Judge Jenkins called the situation with ERCOT "very serious and unprecedented," and said that he's working with Oncor to try and cycle in neighborhoods.
"Just had a call with Oncor's CEO and senior leadership," Jenkins said. "The power generation increase Electric Reliability Council of Texas (ERCOT) forecast for last night didn’t happen. During our call, ERCOT demanded an additional 500 megawatts be pulled from transmission bringing the up to the minute total to 18,500 shed."
Jenkins said that 280,000 customers in Dallas County are still without power.
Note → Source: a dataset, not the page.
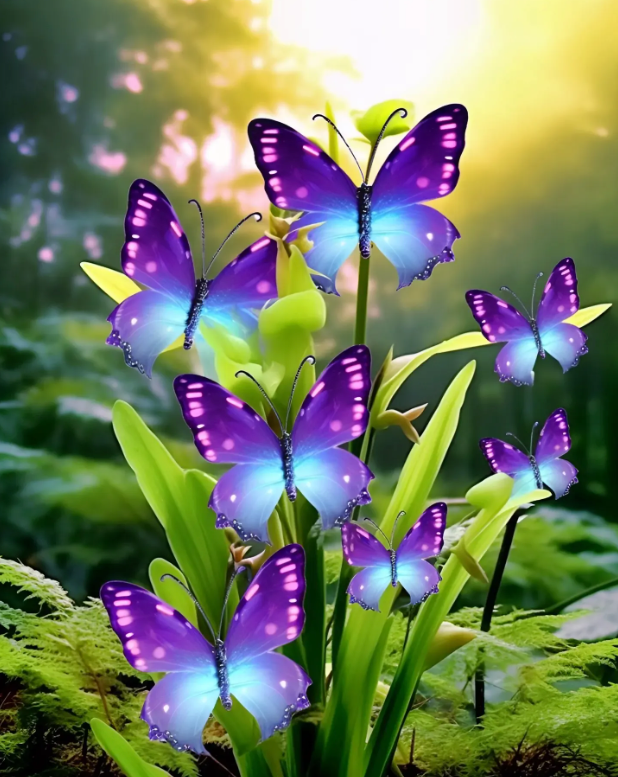 ๐ฆ Butterfly Flower Seeds ๐บ๐ธ Cultivated and Shipped from USA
"Oncor reports they were able to cycle most customers with extended outages on for roughly 30 minutes an average of three times last night but many didn’t get that," Jenkins said. "Transformers are breaking and where that is happening power won’t come on. This adds to the complexity of the problem.
Jenkins is requesting that, due to the lack of success in getting plants online and the severity of this situation, businesses work virtually or close to all but essential maintenance to help conserve energy today.
"We also urge customers to prioritize the safety of themselves, their loved ones and their neighbors. Tips to stay warm during power outages include: closing blinds and curtains and closing room doors to help contain heat, and stuffing towels in the cracks under doors can help keep the warmth in. Many local counties have also opened warming stations or shelters, which can be located online or by calling 211."